- [Source data]
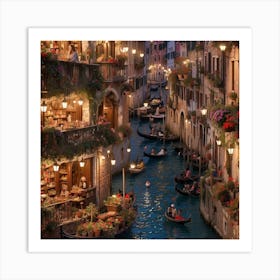 Venice At Night Art Print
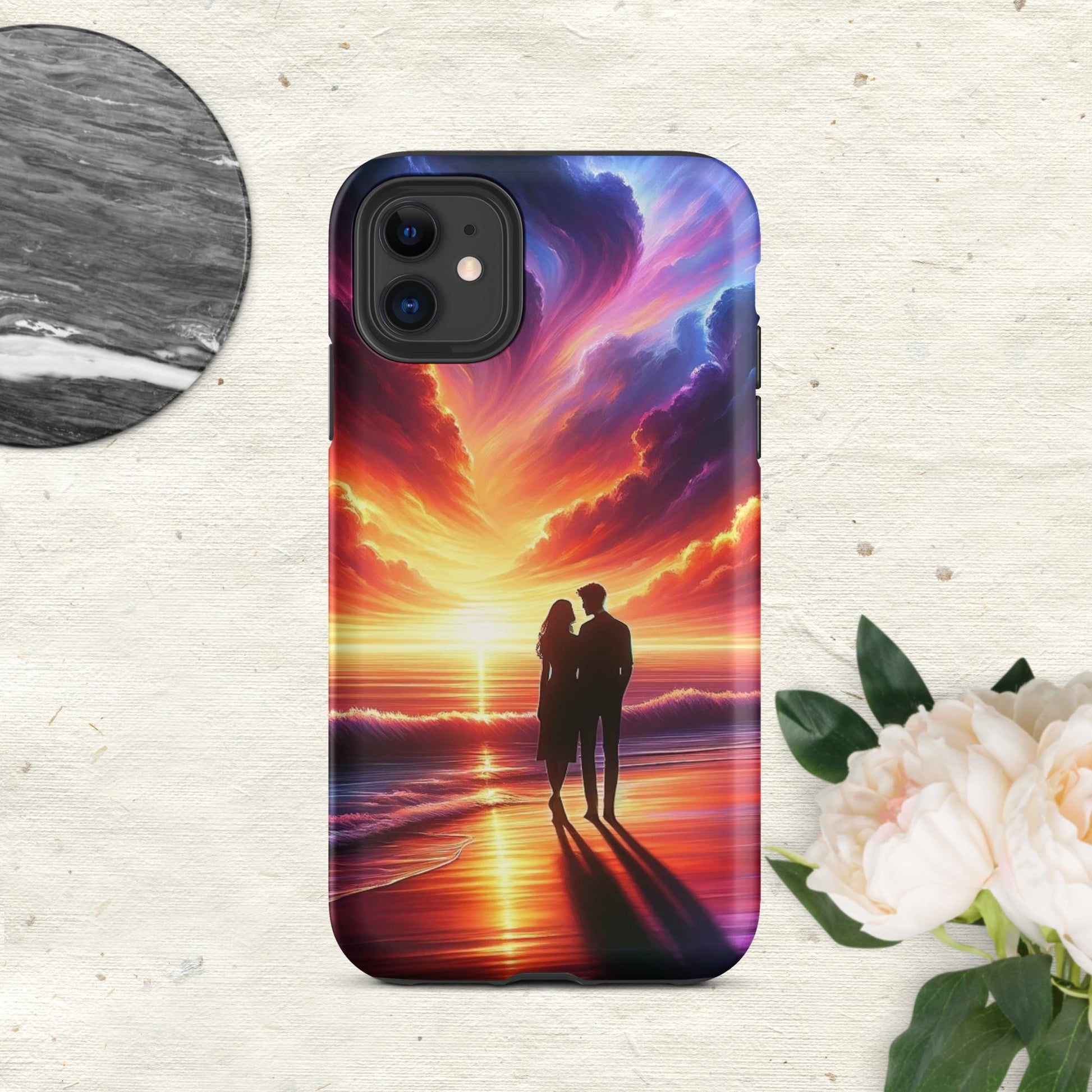 The Hologram Hook Up Matte / iPhone 11 Lovers Sunset Tough Case for iPhone®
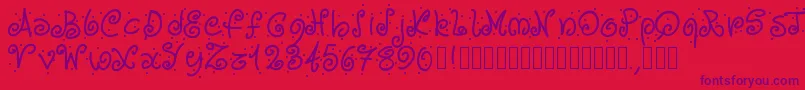 Pwcurvesanddots Font – Purple Fonts on Red Background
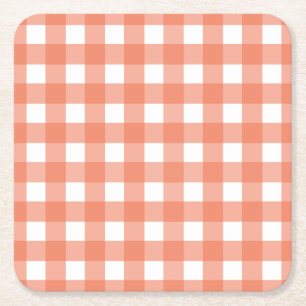 Oranje gingham vierkante kartonnen onderzetter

- [What to work on]
Every line from the one containing "Pwcurvesanddots Font –" through the end of the listing is to be copied exactly; the pictures are not.

- [Result for this exercise]
 Pwcurvesanddots Font – Purple Fonts on Red Background
 Oranje gingham vierkante kartonnen onderzetter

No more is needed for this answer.